The Donmar Warehouse’s American Imports season of new plays from across the pond fizzles out, rather than fizzes, with the world premiere of Richard Greenberg’s Take Me Out.
Fuelled by the playwright’s recent belated conversion to the game of baseball – an American national obsession to rival ours for football – he finds in it a metaphor for democracy itself, except he declares that baseball is better! “Democracy is lovely,” says Mason – a character who is clearly a stand-in for the author himself – “but baseball is more mature.”
Mason (Denis O’Hare) is a new friend and financial adviser to a star black baseball player, Darren Lemming (Daniel Sunjata), who has recently chosen to come out as gay. Darren has the wholehearted support of his best friend on the team, Kippy (Neal Huff), but not of his best friend off it, Davey (Kevin Carroll), who plays for a rival team. Nor does he count on the blind racial and sexual prejudice of newcomer Shane (Frederick Weller), as disadvantaged and dumb as they come but with what turns out to be a deadly skill in pitching ball.
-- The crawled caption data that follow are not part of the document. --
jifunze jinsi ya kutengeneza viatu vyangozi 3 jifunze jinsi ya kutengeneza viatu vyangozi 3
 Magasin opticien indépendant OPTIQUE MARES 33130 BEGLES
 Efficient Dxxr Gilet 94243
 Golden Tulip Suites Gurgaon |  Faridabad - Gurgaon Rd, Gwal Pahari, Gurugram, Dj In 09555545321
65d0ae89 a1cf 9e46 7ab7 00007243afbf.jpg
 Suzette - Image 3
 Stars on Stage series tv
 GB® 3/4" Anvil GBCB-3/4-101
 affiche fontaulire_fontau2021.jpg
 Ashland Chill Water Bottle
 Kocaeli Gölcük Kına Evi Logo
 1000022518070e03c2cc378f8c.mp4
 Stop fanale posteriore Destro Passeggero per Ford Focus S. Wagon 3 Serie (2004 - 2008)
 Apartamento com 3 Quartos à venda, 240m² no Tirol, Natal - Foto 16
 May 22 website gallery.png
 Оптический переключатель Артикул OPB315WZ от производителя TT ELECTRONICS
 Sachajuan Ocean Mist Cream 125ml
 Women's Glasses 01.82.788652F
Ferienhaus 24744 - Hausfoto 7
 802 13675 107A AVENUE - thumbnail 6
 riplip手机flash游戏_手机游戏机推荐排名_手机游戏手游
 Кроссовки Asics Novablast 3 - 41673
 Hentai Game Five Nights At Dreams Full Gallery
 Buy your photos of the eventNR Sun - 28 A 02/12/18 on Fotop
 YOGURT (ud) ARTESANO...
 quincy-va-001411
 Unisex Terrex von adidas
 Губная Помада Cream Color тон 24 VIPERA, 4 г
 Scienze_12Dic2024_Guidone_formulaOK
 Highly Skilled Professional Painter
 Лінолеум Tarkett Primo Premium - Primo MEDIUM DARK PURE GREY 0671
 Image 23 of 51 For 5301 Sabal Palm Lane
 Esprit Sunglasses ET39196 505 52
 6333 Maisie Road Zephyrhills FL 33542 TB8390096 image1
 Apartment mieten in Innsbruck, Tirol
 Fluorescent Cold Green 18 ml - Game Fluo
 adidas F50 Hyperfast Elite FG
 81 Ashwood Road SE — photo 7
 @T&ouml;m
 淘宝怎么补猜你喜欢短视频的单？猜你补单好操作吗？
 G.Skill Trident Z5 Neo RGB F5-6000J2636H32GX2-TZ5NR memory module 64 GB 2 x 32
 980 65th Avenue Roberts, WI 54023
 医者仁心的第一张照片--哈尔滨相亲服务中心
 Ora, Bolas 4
While Greenberg’s play occasionally has balls (and the frequently naked actors more than prove that they do, too) in confronting these issues so forcefully, his meandering three-act work takes its time to get there. Like David Storey‘s play about rugby players, The Changing Room, this one is set largely off-pitch, in the team’s locker room; but even if the writing is sometimes overblown, Joe Mantello‘s production is pitch-perfect.
It is the performances that grab and grip you, rather than the predictable situation or declarations like “baseball is unrelentingly meaningful”. The only false or jarring notes struck are those of the playwright trying to convey his own epiphany in discovering the game in lines like that; it is greatly to the credit of the 11-strong, all-American cast that they transcend those grating assertions to completely inhabit and make us believe in the reality of its world.